Almanya seçimlerinin küresel ekonomiye etkisi
Almanya’da her ne kadar güçlü sayılabilecek bir ekonomik performans söz konusu olmuşsa da, Alman ekonomisinin yeni dönemde acil olarak ele alınması gereken ciddi reform ihtiyaçları var.
Almanya’daki genel seçimler beklendiği gibi Angela Merkel liderliğindeki Hristiyan Demokrat Birliği’nin (CDU) galibiyetiyle sonuçlandı. Beklenmedik olan ise gerek CDU gerekse bir önceki hükümette koalisyon ortağı olan Sosyal Demokrat Partisi’nin (SPD) ciddi bir şekilde oy kaybına uğramaları ve aşırı sağdaki Almanya İçin Alternatif Partisi’nin (AfD) resmi olmayan ilk sonuçlara göre yüzde 12,6 oy olarak meclise üçüncü parti olarak girmesi oldu.
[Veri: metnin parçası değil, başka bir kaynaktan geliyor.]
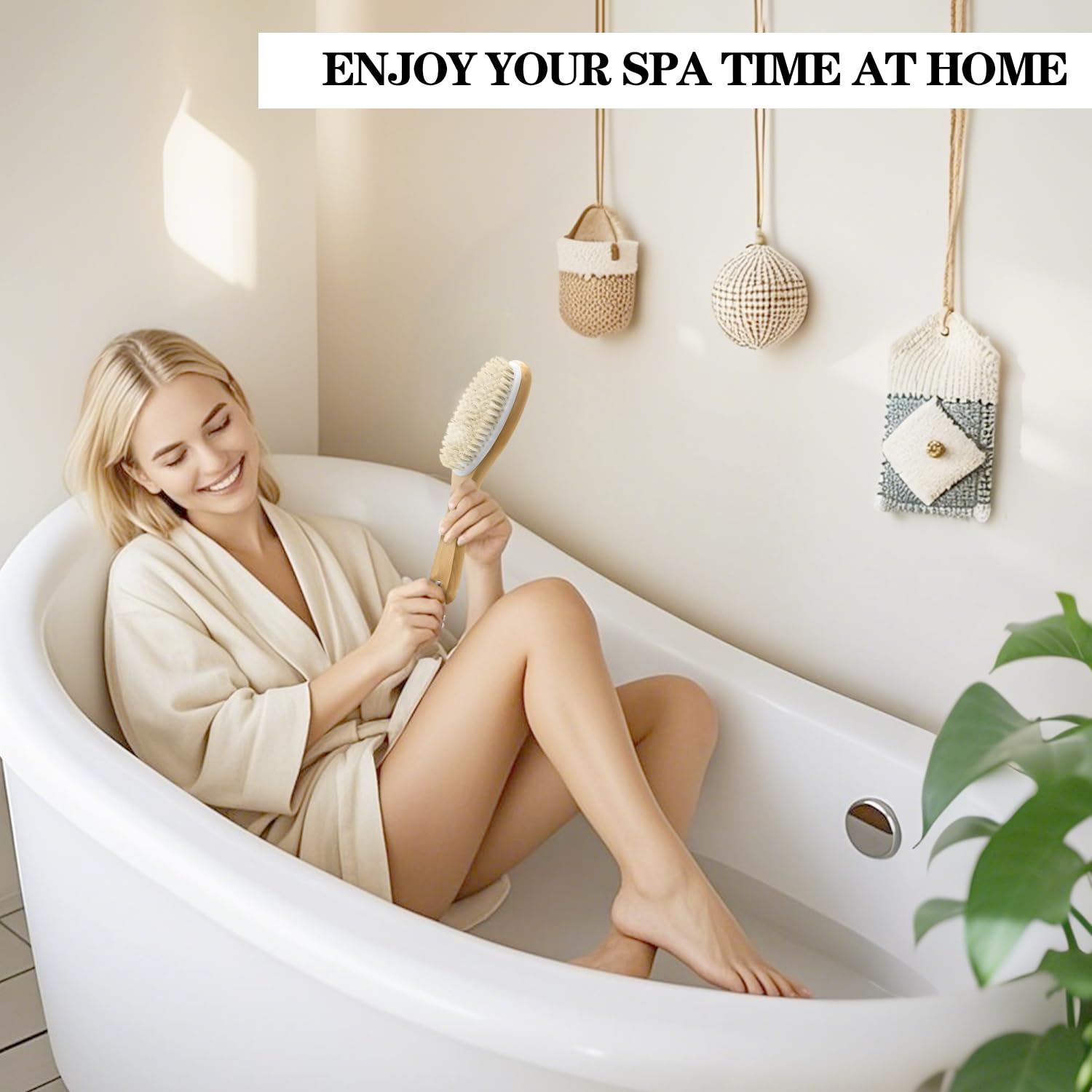 Trockenbürsten, Körperbürste, weiche Naturborsten, Peelingbürste mit konturiertem Holzgriff, für Lymphdrainage, Reinigung, Körperpflege, 6 Stück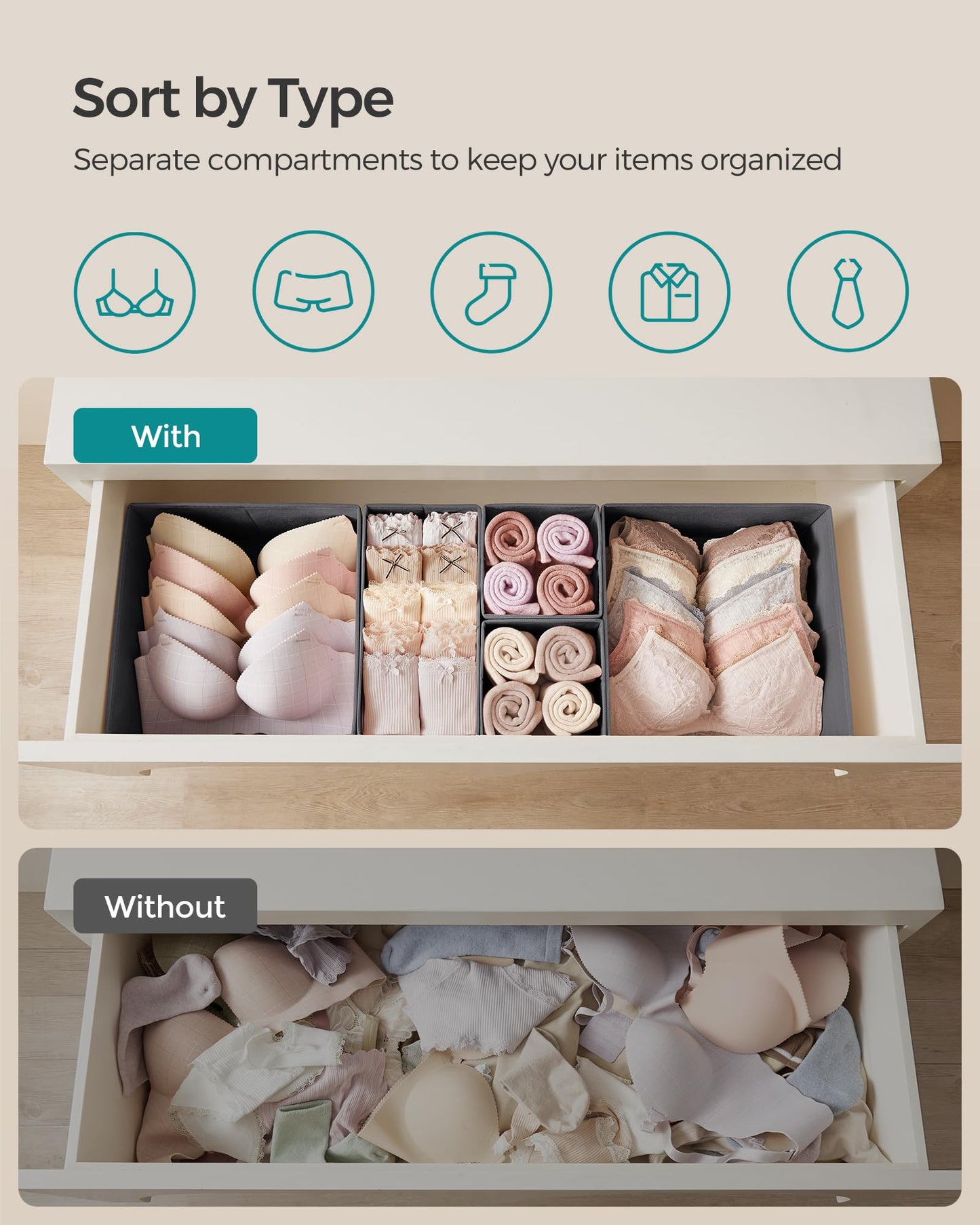 SONGMICS Drawer Organizer, Dresser Drawer Organizers, Set of 12, Foldable Fabric Storage Bins for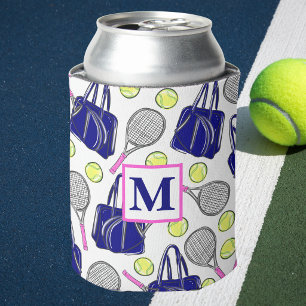 Enfriador De Latas Monograma personalizado de tenis / Tenis elegante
Almanya, 3,4 trilyon dolarlık büyüklüğüyle dünyanın ABD, Çin ve Japonya’dan sonra dördüncü, Avrupa Birliği’nin (AB) ise en büyük ekonomisi. Bu nedenle Almanya’nın bu yeni dönemde nasıl yönetileceği küresel ekonomiyi de yakından ilgilendiriyor.
Üçlü koalisyon ihtimali ve istikrar beklentisi
CDU’nun oyu bir önceki seçimlere göre yüzde 8’in üzerinde azalarak yüzde 33,7 seviyesine düştü. Buna rağmen Merkel’in sandıktan ilk sırada çıkması ve başbakanlıkta dördüncü dönemine başlayacak olması piyasalar tarafından ülkede ekonomik istikrarın devam edeceği şeklinde yorumlanıyor. 2005’ten beri işbaşında olan Merkel döneminde Alman ekonomisi AB ortalamalarının üzerinde büyüdü, işsizlik yarı yarıya azaldı, ihracatta rekabet gücü giderek arttı ve Almanya Çin’den sonra dünyanın en fazla ticaret fazlası veren ülkesi haline geldi. Avro bölgesinin kriz içerisinde olduğu dönemde, Almanya bir istikrar adası, zor durumdaki üye ülkeler için bir kurtarıcı konumunda yer aldı.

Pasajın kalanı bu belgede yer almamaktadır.